Volume 537, January 2012
|Number of page(s)
|11 January 2012
Nitrogen line spectroscopy of O-stars
1 Universitätssternwarte München, Scheinerstr. 1, 81679 München, Germany
2 Centro de Astrobiología, (CSIC-INTA), Ctra. Torrejón a Ajalvir km 4, 28850 Torrejón de Ardoz, Spain
3 University of Vienna, Department of Astronomy, Türkenschanzstr. 17, 1180 Vienna, Austria
Received: 29 July 2011
Accepted: 20 October 2011
Context. Nitrogen is a key element for testing the impact of rotational mixing on evolutionary models of massive stars. Recent studies of the nitrogen surface abundance in B-type stars within the VLT-FLAMES survey of massive stars have challenged part of the corresponding predictions. To obtain a more complete picture of massive star evolution, and to allow for additional constraints, these studies need to be extended to O-stars.

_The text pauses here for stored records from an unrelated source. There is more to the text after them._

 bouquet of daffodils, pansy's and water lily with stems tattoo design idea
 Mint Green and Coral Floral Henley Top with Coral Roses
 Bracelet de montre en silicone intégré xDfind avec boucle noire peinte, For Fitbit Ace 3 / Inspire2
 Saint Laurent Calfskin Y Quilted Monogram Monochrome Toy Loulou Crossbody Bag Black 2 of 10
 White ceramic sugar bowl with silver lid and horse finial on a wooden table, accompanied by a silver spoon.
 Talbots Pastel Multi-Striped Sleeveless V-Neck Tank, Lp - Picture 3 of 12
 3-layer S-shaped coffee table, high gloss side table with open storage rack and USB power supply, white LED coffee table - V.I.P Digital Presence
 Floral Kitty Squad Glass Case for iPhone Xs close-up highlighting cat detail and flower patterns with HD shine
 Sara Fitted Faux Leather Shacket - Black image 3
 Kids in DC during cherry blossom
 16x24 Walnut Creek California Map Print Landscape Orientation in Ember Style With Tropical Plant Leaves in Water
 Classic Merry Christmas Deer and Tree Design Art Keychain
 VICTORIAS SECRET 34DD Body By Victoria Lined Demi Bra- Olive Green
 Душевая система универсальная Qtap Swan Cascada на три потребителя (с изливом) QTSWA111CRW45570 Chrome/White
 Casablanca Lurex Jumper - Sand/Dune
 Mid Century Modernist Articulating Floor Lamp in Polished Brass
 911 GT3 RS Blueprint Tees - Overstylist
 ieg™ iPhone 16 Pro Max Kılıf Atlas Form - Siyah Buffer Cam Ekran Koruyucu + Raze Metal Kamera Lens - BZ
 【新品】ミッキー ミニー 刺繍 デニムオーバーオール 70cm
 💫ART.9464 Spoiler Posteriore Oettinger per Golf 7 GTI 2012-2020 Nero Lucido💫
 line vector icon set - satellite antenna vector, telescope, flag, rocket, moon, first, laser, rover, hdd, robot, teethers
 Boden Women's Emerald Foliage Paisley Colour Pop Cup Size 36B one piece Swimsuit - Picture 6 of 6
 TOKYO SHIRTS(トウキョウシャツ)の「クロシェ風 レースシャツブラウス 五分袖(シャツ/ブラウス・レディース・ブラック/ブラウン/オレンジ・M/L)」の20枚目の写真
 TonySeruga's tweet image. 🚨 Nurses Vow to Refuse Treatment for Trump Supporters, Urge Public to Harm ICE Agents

Aims. This is the second paper in a series aiming at the analysis of nitrogen abundances in O-type stars, to establish tighter constraints on the early evolution of massive stars. In this paper, we investigate the N ivλ4058 emission line formation, provide nitrogen abundances for a substantial O-star sample in the Large Magellanic Cloud, and compare our (preliminary) findings with recent predictions from stellar evolutionary models.
Methods. Stellar and wind parameters of our sample stars were determined by line profile fitting of hydrogen, helium and nitrogen lines, exploiting the corresponding ionization equilibria. Synthetic spectra were calculated by means of the NLTE atmosphere/spectrum synthesis code fastwind, using a new nitrogen model atom. We derived nitrogen abundances for 20 O- and 5 B-stars by analyzing all nitrogen lines (from different ionization stages) present in the available optical spectra.
Results. The dominating process responsible for emission at N ivλ4058 in O-stars is the strong depopulation of the lower level of the transition, which increases as a function of Ṁ. Unlike the N iii triplet emission, resonance lines do not play a role for typical mass-loss rates and below. We find (almost) no problem in fitting the nitrogen lines, in particular the “f” features. Only for some objects, where lines from N iii/N iv/N v are visible in parallel, we need to opt for a compromise solution. For five objects in the early B-/late O-star domain that have been previously analyzed by different methods and model atmospheres, we derive consistent nitrogen abundances. The bulk of our sample O-stars seems to be strongly nitrogen-enriched, and a clear correlation of nitrogen and helium enrichment is found. By comparing the nitrogen abundances as a function of v sin i (“Hunter-plot”) with tailored evolutionary calculations, we identify a considerable number of highly enriched objects at low rotation.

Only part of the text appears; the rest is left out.